Pelecehan Seksual di Industri Film dan Kenapa Perlu Lebih Banyak Pekerja Film Perempuan

pelecehan seksual dalam industri film

Keharusan atau Pilihan? Pentingnya Kewenangan Produser

Apa yang disampaikan oleh Sari Mochtan dan Lisabona Rahman konsisten dengan apa yang diharapkan dari pihak produser dalam konteks pencantuman klausul soal pelecehan seksual pada kontrak kerja. Dalam konteks film, yang paling berwenang adalah produser karena memiliki legitimasi untuk melakukan rekrutmen berdasarkan kontrak kerja.

Produser Mandy Marahimin dari Tanakhir Films menekankan perlunya ada kesadaran dari sisi produser untuk menciptakan dan memastikan lingkungan kerja yang aman dan nyaman, khususnya untuk perempuan. Sayangnya, belum semua produser menyadari hal ini.

“Memang perlu ada upaya antar produser untuk mulai membicarakan hal ini. Karena produser berwenang penuh untuk memasukkan pasal perlindungan terhadap pelecehan seksual di dalam kontrak,” ujarnya.
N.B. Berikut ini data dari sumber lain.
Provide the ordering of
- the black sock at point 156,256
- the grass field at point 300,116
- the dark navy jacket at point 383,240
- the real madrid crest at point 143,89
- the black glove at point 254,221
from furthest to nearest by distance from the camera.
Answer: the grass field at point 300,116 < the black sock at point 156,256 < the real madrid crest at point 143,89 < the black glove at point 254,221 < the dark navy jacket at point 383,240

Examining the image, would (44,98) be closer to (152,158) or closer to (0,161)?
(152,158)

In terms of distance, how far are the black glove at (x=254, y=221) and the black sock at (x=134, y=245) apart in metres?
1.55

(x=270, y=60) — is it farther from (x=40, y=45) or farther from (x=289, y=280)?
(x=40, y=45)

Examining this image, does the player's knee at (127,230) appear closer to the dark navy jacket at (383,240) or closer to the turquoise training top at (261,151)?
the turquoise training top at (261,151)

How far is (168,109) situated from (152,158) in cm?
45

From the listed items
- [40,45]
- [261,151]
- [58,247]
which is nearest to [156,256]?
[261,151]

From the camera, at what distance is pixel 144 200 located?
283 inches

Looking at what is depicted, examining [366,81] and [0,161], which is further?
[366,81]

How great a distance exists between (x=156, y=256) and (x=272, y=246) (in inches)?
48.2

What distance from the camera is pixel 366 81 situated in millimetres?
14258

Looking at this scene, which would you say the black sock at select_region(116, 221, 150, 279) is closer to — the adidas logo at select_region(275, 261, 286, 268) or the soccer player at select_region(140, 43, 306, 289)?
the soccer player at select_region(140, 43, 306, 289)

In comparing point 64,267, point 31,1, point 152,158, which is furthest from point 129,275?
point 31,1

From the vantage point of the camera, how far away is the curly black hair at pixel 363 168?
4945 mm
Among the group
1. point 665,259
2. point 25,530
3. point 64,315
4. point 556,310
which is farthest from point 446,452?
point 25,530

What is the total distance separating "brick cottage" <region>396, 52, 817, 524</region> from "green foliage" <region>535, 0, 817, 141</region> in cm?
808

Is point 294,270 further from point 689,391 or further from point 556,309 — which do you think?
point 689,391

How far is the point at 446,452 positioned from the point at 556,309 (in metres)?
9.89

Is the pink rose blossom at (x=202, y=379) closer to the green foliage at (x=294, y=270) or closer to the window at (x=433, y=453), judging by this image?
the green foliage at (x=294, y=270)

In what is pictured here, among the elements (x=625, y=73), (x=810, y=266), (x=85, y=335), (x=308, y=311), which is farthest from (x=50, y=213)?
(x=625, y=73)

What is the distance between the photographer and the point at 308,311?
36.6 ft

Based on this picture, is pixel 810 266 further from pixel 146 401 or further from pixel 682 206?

Produser Nia Dinata dari Kalyana Shira Films termasuk yang sejak dini mengantisipasi adanya isu perundungan seksual terkait profesi film dengan menerapkan hal-hal berikut:

  • Memberikan jaminan tertulis dalam kontrak kerja pada pasal khusus tentang keamanan dan kenyamanan bekerja yang mencantumkan larangan keras melakukan segala bentuk pelecehan seksual, termasuk catcall, perundungan sampai elevator eyes (melihat tubuh dari atas sampai bawah), dan kekerasan seksual;
  • Mencantumkan pada kontrak langkah-langkah yang harus dilakukan untuk pelaporan apabila terjadi pelecehan seksual;
  • Melakukan respect training pada seluruh jajaran produksi sebelum proses praproduksi yang melibatkan seluruh pemain dan kru;
  • Melakukan ulasan mingguan di lokasi shooting untuk mengevaluasi kenyamanan lingkungan kerja dan meyakinkan semua pemain dan kru untuk terbuka jika ada kejadian yang membuat tidak nyaman;
  • Memberikan teguran atau pengingat khusus setiap hari pada lembar call sheet tentang code of conduct yang menjunjung tinggi respect, equality dan professionalism.

Meiske Taurisia dari Palari Films juga sudah memasukkan klausul terkait pelecehan seksual di dalam kontrak kerja dengan kru, dan pihaknya sudah membahas isu ini dan bagamaina menyikapinya sejak masa persiapan produksi.

“Kami memulai diskusi soal ini dengan tim produksi, yang kerap berhubungan erat dengan semua lapisan kru di lapangan, juga dengan para Head of Department. Merekalah yang melanjutkan informasi kepada kru yang lain. Kami memperjelas sikap untuk senantiasa berpihak dan percaya pada penyintas bila ada laporan perundungan seksual,” ujarnya.

Meiske mengatakan semua pihak perlu terbiasa mengomunikasikan soal isu pelecehan seksual karena sejauh ini sebagian besar masih canggung membicarakannya. Selain itu, pihak Palari Films juga sudah menyiapkan mekanisme pelaporan sesuai dengan prosedur hukum yang melindungi korban bila perundungan seksual masih juga terjadi.

“Kami juga tidak sungkan memberlakukan sanksi sosial, yakni dengan tidak mempekerjakan pihak tertentu yang memiliki rekam jejak sebagai pelaku perundungan seksual,” kata Meiske.

Lola Amaria mengatakan klausul dalam kontrak kerja penting, namun belum memadai jika tidak diatur dalam regulasi pemerintah sebagai bentuk perlindungan di semua lingkungan kerja.

“Karena kalau hanya mengandalkan kewenangan produser, produser punya pilihan untuk tidak memasukkan klausul terkait pelecehan seksual pada kontrak, karena belum menganggap klausul tersebut sebagai keharusan,” ujarnya.